Foundation Objective

About The Kids Foundation’s broad purpose is to promote the well-being of humanity. In other words, our objective is to generate maximum social benefit from our financial and human resources. The Board believes that the Foundation creates substantial social benefit through its grants and related philanthropic activities.

The Foundation’s Approach to Social Investing

Organizations may also express their social priorities through their financial investments, through mechanisms including proxy voting, negative screening, positive screening, and mission-related (“double bottom line”) investments. When considering a social investment initiative, the Foundation will assess the expected social benefit relative to the possible investment return forgone and also consider the resources required to develop a policy, assess alternatives, make the investments, and monitor progress and results. The Foundation’s assets are invested by carefully selected outside managers. Most of these managers are given wide discretion relative to the underlying investments they choose. This discretion includes making decisions with respect to economic sectors, geographies, degree of maturity of individual companies, etc. The Foundation is cognizant of the fact that many of these managers selected by the Foundation see the greatest investment promise in companies with enlightened managements that recognize that sustainable practices and sound employment policies are in the best long-term interest of their companies and shareholders. The rising importance that investment managers and company managements each give to these policies is leading to a convergence between the portfolios of social investors and mainstream investors.

Current Social Investing Activity

Among the various avenues trying to generate social return through investing, the Foundation has investigated proxy voting the most fully. We were attracted to this strategy because it appears to be having an increasing influence on management decisions, is unlikely to degrade investment returns, and can be accomplished (we are hopeful), with minimal administrative burden.
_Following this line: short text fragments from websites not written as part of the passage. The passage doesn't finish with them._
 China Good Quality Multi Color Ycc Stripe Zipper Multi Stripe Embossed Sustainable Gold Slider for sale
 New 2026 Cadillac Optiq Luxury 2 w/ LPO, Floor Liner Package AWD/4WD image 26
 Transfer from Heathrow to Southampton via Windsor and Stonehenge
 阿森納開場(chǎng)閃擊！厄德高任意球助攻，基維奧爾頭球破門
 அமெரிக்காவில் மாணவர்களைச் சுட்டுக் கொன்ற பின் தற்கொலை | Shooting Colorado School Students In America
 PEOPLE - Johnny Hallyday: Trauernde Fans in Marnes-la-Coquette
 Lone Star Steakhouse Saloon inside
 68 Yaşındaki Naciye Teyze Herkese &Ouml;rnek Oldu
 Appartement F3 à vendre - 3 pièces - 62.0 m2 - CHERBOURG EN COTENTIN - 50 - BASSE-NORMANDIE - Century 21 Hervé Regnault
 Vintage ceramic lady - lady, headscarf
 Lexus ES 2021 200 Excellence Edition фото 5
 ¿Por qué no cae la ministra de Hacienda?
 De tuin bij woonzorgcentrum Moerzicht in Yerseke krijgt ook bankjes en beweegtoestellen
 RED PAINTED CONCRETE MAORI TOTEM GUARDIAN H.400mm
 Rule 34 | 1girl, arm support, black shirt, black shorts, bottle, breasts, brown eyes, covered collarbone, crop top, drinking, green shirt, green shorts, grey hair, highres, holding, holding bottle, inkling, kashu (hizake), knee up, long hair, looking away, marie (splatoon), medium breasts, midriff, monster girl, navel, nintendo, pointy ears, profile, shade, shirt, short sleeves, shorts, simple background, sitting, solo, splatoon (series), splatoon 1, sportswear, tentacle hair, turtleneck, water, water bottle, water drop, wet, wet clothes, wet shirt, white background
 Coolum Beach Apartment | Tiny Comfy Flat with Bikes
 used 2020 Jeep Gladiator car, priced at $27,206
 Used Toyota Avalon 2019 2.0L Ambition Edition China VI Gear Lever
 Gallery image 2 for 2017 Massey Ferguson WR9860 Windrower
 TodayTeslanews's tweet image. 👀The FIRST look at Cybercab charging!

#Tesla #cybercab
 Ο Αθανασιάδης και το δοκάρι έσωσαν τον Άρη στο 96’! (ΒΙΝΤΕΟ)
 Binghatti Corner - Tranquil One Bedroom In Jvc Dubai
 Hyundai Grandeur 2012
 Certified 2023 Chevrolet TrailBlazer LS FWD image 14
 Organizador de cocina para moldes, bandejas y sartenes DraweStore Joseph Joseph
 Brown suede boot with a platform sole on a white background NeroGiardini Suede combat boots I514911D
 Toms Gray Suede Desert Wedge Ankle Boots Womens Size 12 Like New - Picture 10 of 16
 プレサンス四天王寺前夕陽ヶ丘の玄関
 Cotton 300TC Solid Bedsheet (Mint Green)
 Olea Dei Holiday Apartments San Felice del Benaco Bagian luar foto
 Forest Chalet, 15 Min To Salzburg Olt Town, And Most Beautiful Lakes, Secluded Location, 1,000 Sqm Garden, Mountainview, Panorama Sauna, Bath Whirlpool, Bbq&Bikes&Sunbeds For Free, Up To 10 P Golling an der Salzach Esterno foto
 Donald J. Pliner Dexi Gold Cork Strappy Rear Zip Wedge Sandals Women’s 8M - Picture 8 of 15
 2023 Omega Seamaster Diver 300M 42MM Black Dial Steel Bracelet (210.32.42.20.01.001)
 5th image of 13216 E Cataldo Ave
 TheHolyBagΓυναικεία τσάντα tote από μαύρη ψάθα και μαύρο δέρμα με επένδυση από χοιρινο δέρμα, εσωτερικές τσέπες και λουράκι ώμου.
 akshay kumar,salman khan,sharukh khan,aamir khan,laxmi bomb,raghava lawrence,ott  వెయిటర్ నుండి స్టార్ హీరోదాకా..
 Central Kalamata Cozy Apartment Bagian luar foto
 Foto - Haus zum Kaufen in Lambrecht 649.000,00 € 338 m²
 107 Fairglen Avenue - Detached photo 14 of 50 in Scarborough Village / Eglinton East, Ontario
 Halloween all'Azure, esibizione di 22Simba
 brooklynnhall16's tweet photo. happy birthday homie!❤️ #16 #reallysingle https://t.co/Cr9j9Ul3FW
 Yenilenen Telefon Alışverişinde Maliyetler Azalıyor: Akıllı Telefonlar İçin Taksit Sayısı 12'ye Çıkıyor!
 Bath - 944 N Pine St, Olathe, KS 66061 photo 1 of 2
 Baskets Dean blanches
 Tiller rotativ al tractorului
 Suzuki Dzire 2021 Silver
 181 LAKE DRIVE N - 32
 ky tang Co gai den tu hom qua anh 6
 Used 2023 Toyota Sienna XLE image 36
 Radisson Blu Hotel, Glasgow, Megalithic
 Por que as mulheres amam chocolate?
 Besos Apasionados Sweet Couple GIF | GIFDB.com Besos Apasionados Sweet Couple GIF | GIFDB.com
In general, the Foundation is not attracted to either positive or negative screening. Typically, the reasons why a company might be positively or negatively screened are highly subjective and are subject to significant differences of opinion among reasonable observers. In addition, as mentioned above, mainstream and socially driven portfolios are gradually looking increasingly similar.

One exception, where the Foundation does choose to screen, is tobacco. This product, even if used as intended, has deleterious consequences for both individuals and society. Consequently, where the Foundation is able to do so, it excludes from its portfolio the stocks of any companies for which manufacture of tobacco products is a significant contributor to sales or earnings.